I appreciated that Jorge was painfully shy and unsure of how to navigate his first crush. He was human and relatable, yet at the same time Jorge is also confident in his individuality and unwavering in his treatment of others. I loved his patience, his willingness to forgive, and his refusal to stand idly by why others are bullied. That’s right my friends, while Crush might be about Jorge’s first love it also hands out some (not so) subtle tactics on how to stand up to d-bags of all ages.
With that being said though, the kids really taken centre stage in this book, as the few adult characters serve only to advance the plot rather than deliver lectures or provide guidance. The kids themselves navigate the grounds of what’s right and wrong, and that alone keeps it more relatable for to a middle grade audience.

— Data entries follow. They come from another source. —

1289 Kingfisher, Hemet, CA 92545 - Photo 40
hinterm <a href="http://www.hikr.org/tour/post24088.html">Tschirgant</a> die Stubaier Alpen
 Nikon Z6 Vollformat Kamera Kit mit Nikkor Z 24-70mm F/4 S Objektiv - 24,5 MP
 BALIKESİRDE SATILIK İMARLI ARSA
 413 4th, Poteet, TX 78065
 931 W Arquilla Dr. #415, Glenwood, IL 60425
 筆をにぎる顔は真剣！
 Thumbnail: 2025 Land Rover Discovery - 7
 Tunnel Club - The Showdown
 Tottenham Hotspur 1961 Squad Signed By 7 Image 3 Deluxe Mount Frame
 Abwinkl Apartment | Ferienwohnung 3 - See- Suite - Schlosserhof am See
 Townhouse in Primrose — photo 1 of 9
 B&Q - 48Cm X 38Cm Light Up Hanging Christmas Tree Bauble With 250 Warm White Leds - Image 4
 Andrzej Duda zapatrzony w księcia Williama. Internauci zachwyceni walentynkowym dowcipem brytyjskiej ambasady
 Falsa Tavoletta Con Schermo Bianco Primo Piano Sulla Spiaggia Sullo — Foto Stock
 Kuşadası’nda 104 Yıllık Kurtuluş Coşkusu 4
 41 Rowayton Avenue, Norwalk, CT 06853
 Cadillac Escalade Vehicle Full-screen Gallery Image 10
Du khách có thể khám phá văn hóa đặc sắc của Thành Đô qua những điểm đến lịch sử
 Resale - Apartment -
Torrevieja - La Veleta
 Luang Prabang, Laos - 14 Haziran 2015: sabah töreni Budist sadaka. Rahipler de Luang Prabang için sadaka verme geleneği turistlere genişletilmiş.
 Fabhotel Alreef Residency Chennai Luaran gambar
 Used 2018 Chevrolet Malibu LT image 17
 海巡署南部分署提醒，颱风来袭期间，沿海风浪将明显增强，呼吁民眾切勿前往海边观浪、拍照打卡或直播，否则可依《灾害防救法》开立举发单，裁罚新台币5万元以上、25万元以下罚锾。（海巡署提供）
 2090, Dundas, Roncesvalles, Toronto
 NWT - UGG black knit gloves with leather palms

As far as the artwork goes, I absolutely loved it. The line work is clean, the characters unique and easily distinguished – abstracted enough to be relatable yet detailed enough to convey meaning, and the panel arrangement easily readable. The facial expressions and body language effectively convey the differences in personalities and internal emotions, and speak volumes in a way that text never could. The panel arrangement is clean and not to cluttered, in fact it follows the left to right, top to bottom pattern of a standard books with only a few full page panels or exceptions to the rule. The result is that this text is an easy introduction to graphic novels for those new to the medium. The colours are used for maximum impact but aren’t overwhelming. They’re subtle, soft, and don’t detract from the visual language employed. Additionally, enough action takes place in the gutter to keep the imagination firing on all pistons, but not so much as to leave the reader to their own devices – especially when it comes to the emotional implications of decisions and behaviours.
Would I recommend this book? Let’s put it this way, I’ve already bought a copy and sent it to my old school! Great for parents, kids, and anyone in-between. This is a smash hit, home-run, middle grade must read.
Many thanks to Yen Press, Svetlana Chmakova, and NetGalley for providing a copy in exchange for an honest review.